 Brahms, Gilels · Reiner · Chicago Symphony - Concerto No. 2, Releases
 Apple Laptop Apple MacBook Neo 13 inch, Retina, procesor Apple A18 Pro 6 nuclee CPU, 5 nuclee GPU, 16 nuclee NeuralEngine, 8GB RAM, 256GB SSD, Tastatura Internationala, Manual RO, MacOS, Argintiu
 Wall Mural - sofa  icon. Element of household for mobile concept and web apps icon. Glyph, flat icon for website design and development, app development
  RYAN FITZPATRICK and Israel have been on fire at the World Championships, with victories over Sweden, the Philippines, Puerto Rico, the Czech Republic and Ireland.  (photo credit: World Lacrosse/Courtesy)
---
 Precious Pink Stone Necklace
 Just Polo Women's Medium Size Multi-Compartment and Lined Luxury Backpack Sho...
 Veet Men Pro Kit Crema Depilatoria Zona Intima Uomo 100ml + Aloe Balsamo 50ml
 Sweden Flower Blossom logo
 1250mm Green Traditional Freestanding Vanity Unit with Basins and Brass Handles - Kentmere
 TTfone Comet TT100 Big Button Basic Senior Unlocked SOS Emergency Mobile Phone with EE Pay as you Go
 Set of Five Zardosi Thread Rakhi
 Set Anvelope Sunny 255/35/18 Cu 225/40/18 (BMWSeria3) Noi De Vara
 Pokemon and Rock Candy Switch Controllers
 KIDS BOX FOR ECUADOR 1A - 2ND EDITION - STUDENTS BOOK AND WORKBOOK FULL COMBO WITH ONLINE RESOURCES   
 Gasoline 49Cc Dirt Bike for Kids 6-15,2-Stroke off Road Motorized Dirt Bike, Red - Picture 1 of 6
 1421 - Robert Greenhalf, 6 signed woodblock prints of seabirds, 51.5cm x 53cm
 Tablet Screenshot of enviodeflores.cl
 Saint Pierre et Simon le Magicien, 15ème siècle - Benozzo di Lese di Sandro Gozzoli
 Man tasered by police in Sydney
---
◆ Problem requirements
Only the lines holding the word "Sweden" belong in the answer; copy them from the listing above.

◆ Answer box
  RYAN FITZPATRICK and Israel have been on fire at the World Championships, with victories over Sweden, the Philippines, Puerto Rico, the Czech Republic and Ireland.  (photo credit: World Lacrosse/Courtesy)
 Sweden Flower Blossom logo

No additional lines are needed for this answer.